I found the keyboard mildly irritating. Kudos to the NV5807u’s designers for managing to cram in not only a keyboard and trackpad but also a keypad, which number crunchers everywhere will appreciate. The problem is, the number pad and keyboard are just about jammed up on top of each other. My right hand frequently ended up over the number pad when I actually wanted to press Enter or Delete.
Atop the keyboard are touch-sensitive buttons that allow you to access the volume controls and power-saving functions (most useful), open up the Gateway MyBackup software (sometimes useful), and turn off the trackpad.
On more than one occasion I was tempted to use that last toggle, as the mouse button bar is horribly awkward to use. This landing strip for a gnat supposedly doubles for left and right mouse clicks, but my oversized hands ached to find the right angle to tap. The middle of the button is a dead zone that won’t register any input. Instead of resting my wrists on the laptop and leaving my thumb on the button, I had to hold my hand in the air and press down, practically at a 90-degree angle. You’ll probably want to bring your own mouse for this one. The machine is also pretty heavy, at 5.8 pounds–it’s fine if you’re driving from home to office to café, but if you’re walking or taking the bus, it’s a little much.

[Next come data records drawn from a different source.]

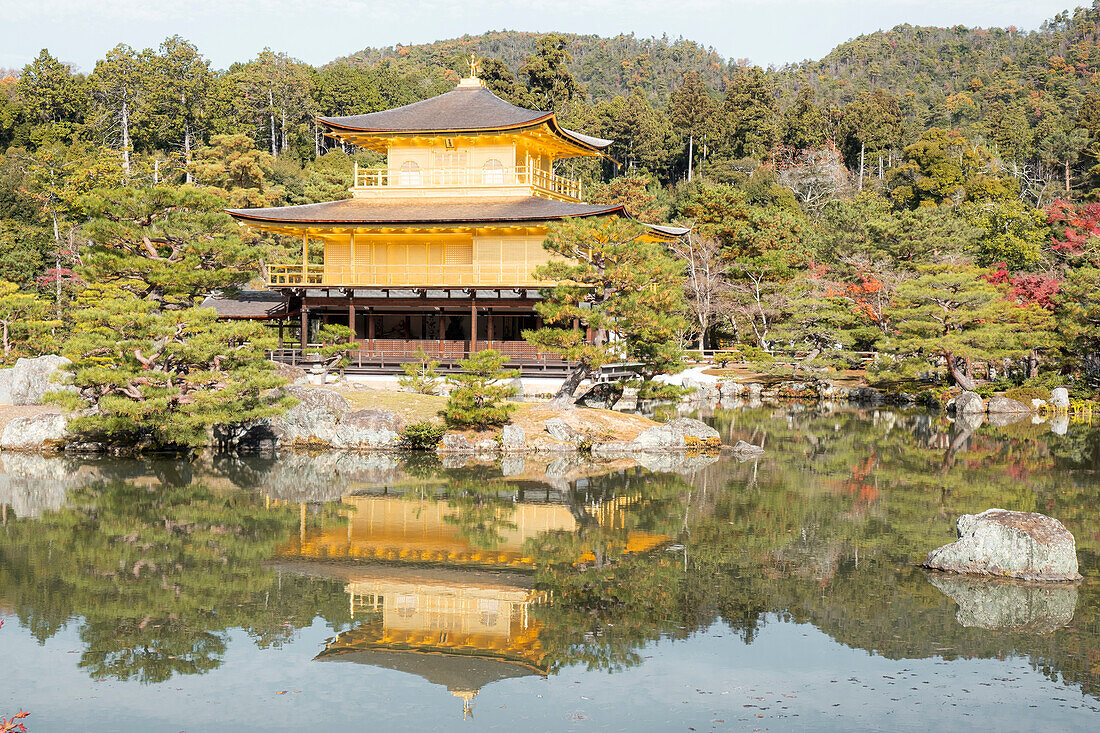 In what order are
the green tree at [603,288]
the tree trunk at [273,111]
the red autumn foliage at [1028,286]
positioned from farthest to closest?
1. the tree trunk at [273,111]
2. the red autumn foliage at [1028,286]
3. the green tree at [603,288]

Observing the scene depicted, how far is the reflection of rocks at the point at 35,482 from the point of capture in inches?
653

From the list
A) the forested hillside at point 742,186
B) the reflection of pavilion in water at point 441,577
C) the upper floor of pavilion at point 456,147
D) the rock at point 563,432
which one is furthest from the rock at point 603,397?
the forested hillside at point 742,186

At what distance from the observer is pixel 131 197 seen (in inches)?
832

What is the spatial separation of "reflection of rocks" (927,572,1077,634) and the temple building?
16050mm

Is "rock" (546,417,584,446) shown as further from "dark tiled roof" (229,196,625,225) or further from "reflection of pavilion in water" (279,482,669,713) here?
"dark tiled roof" (229,196,625,225)

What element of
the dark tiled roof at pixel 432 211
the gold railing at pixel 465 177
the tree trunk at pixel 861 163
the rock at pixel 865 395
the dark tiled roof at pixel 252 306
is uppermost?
the tree trunk at pixel 861 163

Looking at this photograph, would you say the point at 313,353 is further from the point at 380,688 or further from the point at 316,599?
the point at 380,688

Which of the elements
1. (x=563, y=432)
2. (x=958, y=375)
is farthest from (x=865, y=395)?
(x=563, y=432)

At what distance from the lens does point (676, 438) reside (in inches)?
906

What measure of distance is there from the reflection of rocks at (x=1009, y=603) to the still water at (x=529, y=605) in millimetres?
43

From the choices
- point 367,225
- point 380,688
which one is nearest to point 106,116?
point 367,225

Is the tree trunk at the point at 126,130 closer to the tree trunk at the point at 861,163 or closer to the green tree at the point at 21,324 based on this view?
the green tree at the point at 21,324

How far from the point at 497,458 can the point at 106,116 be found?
45.9 m

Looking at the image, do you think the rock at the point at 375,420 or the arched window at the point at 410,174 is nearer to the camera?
the rock at the point at 375,420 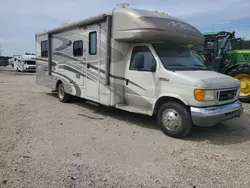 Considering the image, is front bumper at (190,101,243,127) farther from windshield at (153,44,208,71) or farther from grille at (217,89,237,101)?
windshield at (153,44,208,71)

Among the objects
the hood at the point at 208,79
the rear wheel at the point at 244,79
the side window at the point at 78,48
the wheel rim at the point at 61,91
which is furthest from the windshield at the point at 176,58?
the wheel rim at the point at 61,91

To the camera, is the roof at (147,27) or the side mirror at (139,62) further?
the side mirror at (139,62)

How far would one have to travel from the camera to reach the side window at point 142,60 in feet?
18.7

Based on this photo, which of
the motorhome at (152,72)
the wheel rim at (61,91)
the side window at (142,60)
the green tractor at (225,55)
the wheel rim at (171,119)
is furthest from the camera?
the green tractor at (225,55)

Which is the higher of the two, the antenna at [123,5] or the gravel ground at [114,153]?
the antenna at [123,5]

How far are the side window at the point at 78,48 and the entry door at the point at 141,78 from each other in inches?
84.5

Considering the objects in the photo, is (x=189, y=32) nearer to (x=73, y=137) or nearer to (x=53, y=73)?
(x=73, y=137)

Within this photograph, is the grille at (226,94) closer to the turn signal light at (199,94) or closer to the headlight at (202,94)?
the headlight at (202,94)

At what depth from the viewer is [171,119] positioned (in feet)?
17.4

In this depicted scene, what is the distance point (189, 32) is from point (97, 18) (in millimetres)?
2549

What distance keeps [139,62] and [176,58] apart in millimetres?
924

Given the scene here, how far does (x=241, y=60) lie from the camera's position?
34.0 ft

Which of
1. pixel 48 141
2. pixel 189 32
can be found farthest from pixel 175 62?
pixel 48 141

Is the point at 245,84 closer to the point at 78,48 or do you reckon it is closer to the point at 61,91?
the point at 78,48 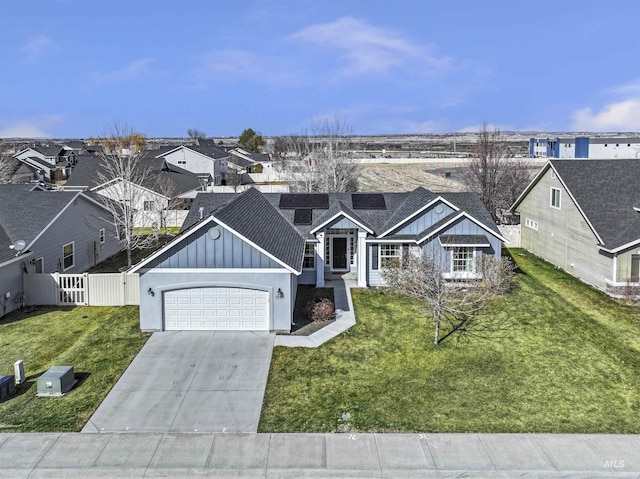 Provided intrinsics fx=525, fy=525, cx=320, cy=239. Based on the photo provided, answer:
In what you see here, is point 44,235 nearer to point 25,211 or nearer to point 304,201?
point 25,211

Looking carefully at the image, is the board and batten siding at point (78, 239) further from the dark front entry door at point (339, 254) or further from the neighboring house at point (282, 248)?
the dark front entry door at point (339, 254)

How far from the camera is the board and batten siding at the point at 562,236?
2388 cm

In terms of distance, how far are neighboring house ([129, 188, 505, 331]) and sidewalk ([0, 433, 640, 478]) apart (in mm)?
6486

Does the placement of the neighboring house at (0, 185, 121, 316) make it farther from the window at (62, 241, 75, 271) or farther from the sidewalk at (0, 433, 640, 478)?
the sidewalk at (0, 433, 640, 478)

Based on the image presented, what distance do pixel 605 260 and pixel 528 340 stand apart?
8211 millimetres

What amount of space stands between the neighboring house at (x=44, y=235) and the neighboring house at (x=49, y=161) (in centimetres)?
4658

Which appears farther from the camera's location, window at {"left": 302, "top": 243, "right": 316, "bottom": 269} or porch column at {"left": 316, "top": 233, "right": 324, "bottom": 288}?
window at {"left": 302, "top": 243, "right": 316, "bottom": 269}

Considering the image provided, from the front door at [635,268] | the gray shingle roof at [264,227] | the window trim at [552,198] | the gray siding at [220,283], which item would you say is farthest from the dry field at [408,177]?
the gray siding at [220,283]

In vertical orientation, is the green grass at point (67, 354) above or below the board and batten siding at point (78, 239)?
below

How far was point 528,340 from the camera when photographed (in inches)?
685

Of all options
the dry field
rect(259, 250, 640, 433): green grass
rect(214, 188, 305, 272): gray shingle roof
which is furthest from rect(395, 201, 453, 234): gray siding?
the dry field

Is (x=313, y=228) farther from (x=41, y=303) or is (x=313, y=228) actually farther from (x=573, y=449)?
(x=573, y=449)

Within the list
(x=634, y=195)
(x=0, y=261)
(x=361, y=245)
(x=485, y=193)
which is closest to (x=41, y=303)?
(x=0, y=261)

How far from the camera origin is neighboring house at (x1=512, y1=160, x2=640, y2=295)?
2220 centimetres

Gateway’s NV5807u has an attractive display, above-average speakers, and enough power under the hood to serve as a general-use PC for quite some time. The trade-off you make is in portability: 5.8 pounds of computer is an awful lot to be carting around between classes or around the city, and a 15.6-inch display looks great on a desk but eats up most of an airplane tray table (not to mention your battery life). If you’re a student who would rather use a computer to watch movies in your dorm than take notes in class, or if you’re a professional who needs the screen space and doesn’t mind the weight, then the NV5807u is a solid buy for $599 compared with similarly priced models from other manufacturers, such as the Acer Aspire Timeline, the Lenovo Ideapad Y450, or even Lenovo’s business-centric G530, which sells for even less ($499).